Large-scale, real-time visual-inertial localization revisited
PubDate: Jun 2019
Teams: Google；ETH Zurich；Chalmers University of Technology
Writers: Simon Lynen, Bernhard Zeisl, Dror Aiger, Michael Bosse, Joel Hesch, Marc Pollefeys, Roland Siegwart, Torsten Sattler
The overarching goals in image-based localization are scale, robustness and speed. In recent years, approaches based on local features and sparse 3D point-cloud models have both dominated the benchmarks and seen successful realworld deployment. They enable applications ranging from robot navigation, autonomous driving, virtual and augmented reality to device geo-localization. Recently end-to-end learned localization approaches have been proposed which show promising results on small scale datasets. However the positioning accuracy, scalability, latency and compute & storage requirements of these approaches remain open challenges. We aim to deploy localization at global-scale where one thus relies on methods using local features and sparse 3D models. Our approach spans from offline model building to real-time client-side pose fusion. The system compresses appearance and geometry of the scene for efficient model storage and lookup leading to scalability beyond what what has been previously demonstrated.
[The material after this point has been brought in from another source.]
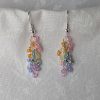 Handmade dangle earrings with 18 transparent pearly pastel beads in pink, orange, yellow, blue, periwinkle, and purple on silver-colored jump rings and earring hooks.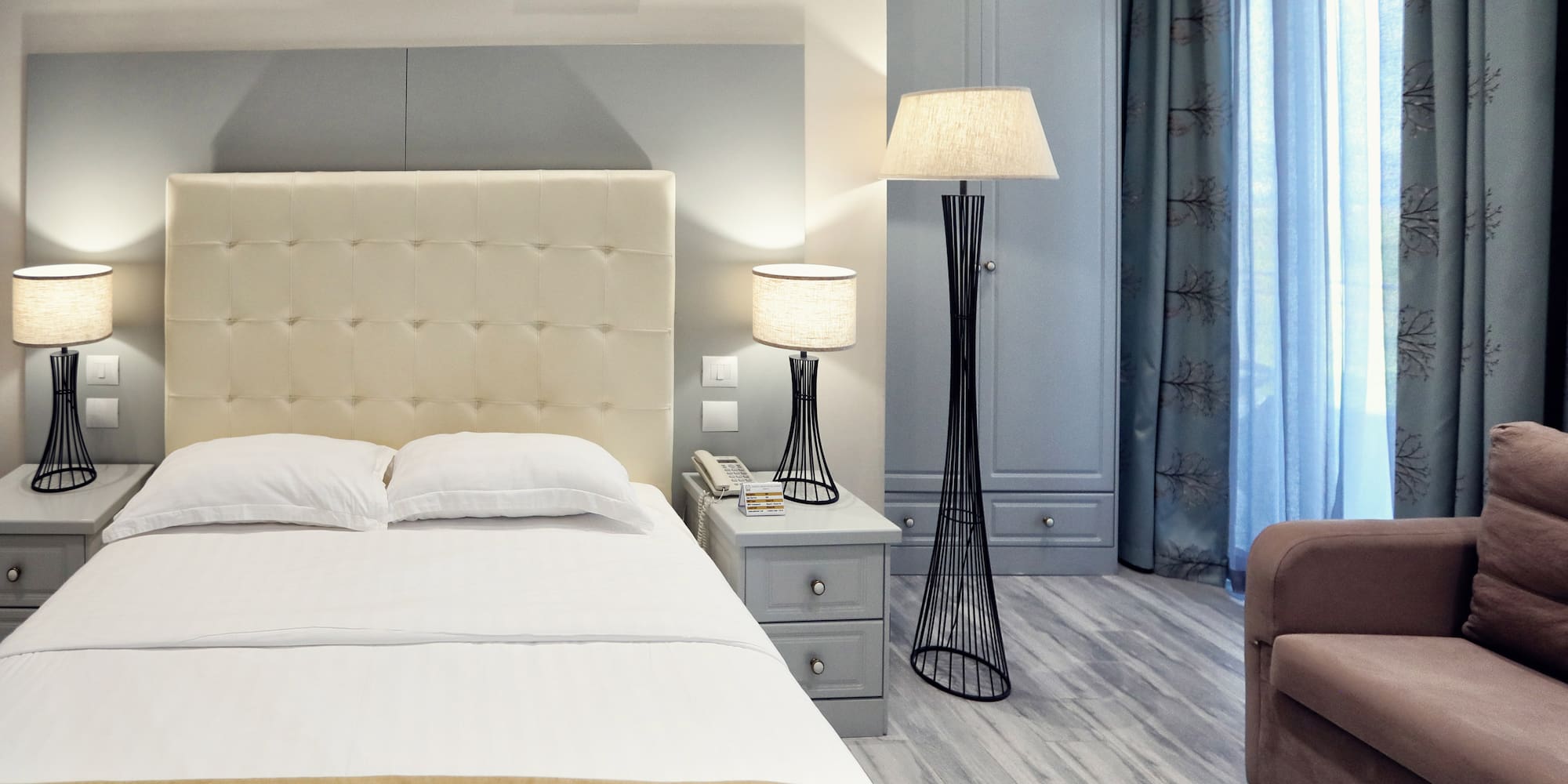 a bedroom with a bed and a lamp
It allows for low-latency localization queries and efficient fusion run in real-time on mobile platforms by combining server-side localization with real-time visual-inertial-based camera pose tracking. In order to further improve efficiency we leverage a combination of priors, nearest neighbor search, geometric match culling and a cascaded pose candidate refinement step. This combination outperforms previous approaches when working with large scale models and allows deployment at unprecedented scale. We demonstrate the effectiveness of our approach on a proof-of-concept system localizing 2.5 million images against models from four cities in different regions on the world achieving query latencies in the 200ms range.